Back in May, someone sent me an Internet link. When I opened it, this headline was splashed across my screen: “Little Rock Voted #1 Most Dangerous Mid-Sized City in America.”
The list, compiled by Movoto Real Estate, was based on an analysis of FBI crime data from 2012. Cities were compared using crime rates per 100,000 residents.
Flint, Mich., was No. 2.
Jackson, Miss., was No. 3.
Here’s what was written about Little Rock: “While the capital of Arkansas has received its share of accolades in recent years, including a nod from Forbes in 2011 as the second cleanest city in the country, Little Rock’s crime rate was all we looked at for this ranking. Overall, it was bad enough to warrant the city’s naming as our most dangerous mid-sized city we studied. Little Rock ranked second overall in terms of total crime with 9,378 crimes per 100,000 in 2012. The chance of being a victim of one of those crimes stood at 1 in 21. The city’s rank for property crime was only slightly better at third with 8,062 per 100,000 (1 in 24 odds) during the same period.
“It was also ranked third for murder with 23 per 100,000 and odds of 1 in 8,524. For violent crime, Little Rock placed fifth overall. There were 1,316 violent crimes per 100,000 people there in 2012, which translated to a 1 in 149 chance of being the victim of one.”
Earlier this week, crime struck home.
My mother-in-law — who retired in Little Rock several years ago following a career with the Securities and Exchange Commission in Washington, D.C. — left her home on a sunny Monday to have lunch with a friend who was visiting from the nation’s capital. She lives at the end of a cul-de-sac in far west Little Rock.
When she returned, she found the front door kicked in. The house had been ransacked and thousands of dollars worth of items had been stolen.

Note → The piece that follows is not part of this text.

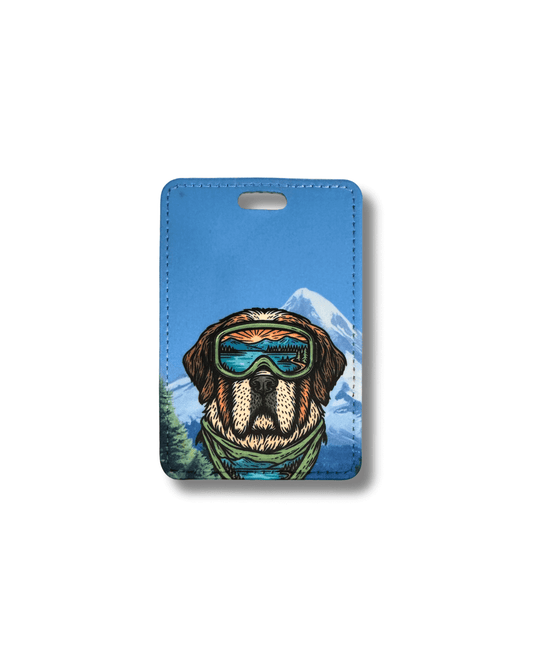 St. Bernard luggage tag with a dog wearing goggles and a mountain background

I realize how easy it is for someone to say: “Oh, there goes another white guy from west Little Rock who doesn’t care about crime until it affects him.”
For several years, though, I’ve thought a lot about how crime — and the perception thereof — affects economic development in our state’s largest city.
Our mayor likes to talk about Little Rock being the “next great city.”
Greatness depends on who’s defining the word, but no one can doubt that Little Rock is at a crossroads. Future crime rates largely will determine whether the city is more Nashville or more Memphis, more Austin or more Jackson.
In September 2011, I did what many people in my age and income groups did in Little Rock — I went to the polls and voted for both a three-eighths of a cent sales tax increase for capital improvements in the city and a five-eighths of a cent sales tax increase for operations. There are a number of things in Little Rock that are being funded by that additional penny, but most of those in the majority voted for the increases primarily because they knew the dire straits that otherwise would be faced by the city’s policemen and firefighters. There were unfilled positions, worn-out vehicles, an antiquated communications system and a mold-filled police headquarters. We also looked forward to the hiring of additional code enforcement officers and hoped for some of the most rigid code enforcement in the country.
About 54 percent of those who turned out in the 2011 special election voted for the increases, which at the time were expected to raise $31.6 million a year for operations and an additional $196 million during the next decade for capital improvements. It was the city’s sixth attempt since 1981 to get a sales tax increase approved. Only two of the previous attempts had been successful, the most recent being in 1994.
You might remember 1994.
The gang situation had reached its zenith. I remember thinking that Little Rock had hit its low point on the Friday night when Chef Andre was shot in front of a full house at his crowded restaurant in the converted Hillcrest home that now houses Ciao Baci.
The year 1994 was when the HBO documentary “Gang War: Bangin’ in Little Rock” ran over and over. HBO viewers around the world perceived of Little Rock as a sort of Detroit of the South.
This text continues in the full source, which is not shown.